Le cause della personalizzazione…
Questo cambio di paradigma è correlato alle nuove dinamiche che hanno contribuito alla diffusione della figura del leader come vero e proprio capo del partito:
- La diffusione di mezzi di comunicazione che permettono il raggiungimento della platea di elettori in maniera più semplice e più veloce: facebook, twitter, instagram, ma anche dirette televisive, video “home – made” e, in generale, qualsiasi canale interattivo di comunicazione indiretta.
- La necessità di dover veicolare slogan elettorali più immediati e quindi più diretti al pubblico: una rivoluzione dello stile comunicativo del partito che affida al leader l’ideale politico da rappresentare “mettendoci la faccia”, ma anche la voce e i movimenti.
- La nascita di meccanismi di relazione internazionali che connettono, più che i partiti, i leader politici: la globalizzazione come intensificazione delle relazioni tra leader.
… e le conseguenze
Come si è accennato, il primo ad utilizzare a proprio vantaggio tale metodo di “personalizzazione politica” è stato Silvio Berlusconi con Forza Italia.
Dopo Tangentopoli Berlusconi ha colto in pieno la necessità di rivoluzionare il contatto con gli elettori, utilizzando radio e televisione come strumenti per la diffusione del proprio carisma.

Come si può vedere dalla foto, il contenuto simbolico dell’immagine è immediato e fortemente rappresentativo. Berlusconi “ci mette la faccia”, sorride. Ricrea intorno a sé un clima di serenità e appartenenza nazionale facendo della propria figura politica un partito.
L’applicazione della personalizzazione ha condizionato anche i nuovi leader politici. Se Berlusconi è stato il primo e, probabilmente, anche il più abile nel farlo, il resto della destra e, con il tempo, anche della sinistra, ha adottato questo nuovo metodo di rappresentanza.

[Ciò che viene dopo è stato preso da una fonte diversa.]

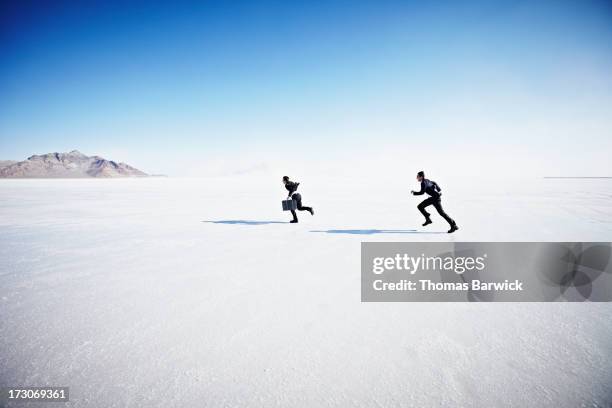 businessman with briefcase being chased - chasing stockfoto's en -beelden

Si è venuto a formare, di conseguenza, un nuovo cittadino politico: quello “personalizzato”. Mentre prima l’etichetta sotto alla quale si immedesimava l’elettore medio era di appartenenza al partito (comunista, democristiano, socialista, repubblicano; nessuno si professava “Craxiano” o “Berlingueriano”) nel nuovo millennio la personalizzazione ha modificato gli assetti: ora la rappresentanza è ad personam con l’elettore medio Salviniano, Renziano, Grillino ecc. È il politico a ricreare intorno a sé la figura del leader e, indirettamente, a dover fare i conti anche con le interferenze che ruotano attorno alla sua sfera personale (famiglia, amicizie, rapporti). Nel bene e nel male quindi, il nuovo rapporto tra elettore e politico è molto più delicato di quanto non lo fosse in precedenza ed ha assunto dei connotati anche preoccupanti.
Se la personalizzazione ha consentito ai politici di adottare uno schema comunicativo più semplice ed immediato ha però contribuito alla nascita e alla diffusione di uno scenario malsano e propagandistico della politica: il populismo.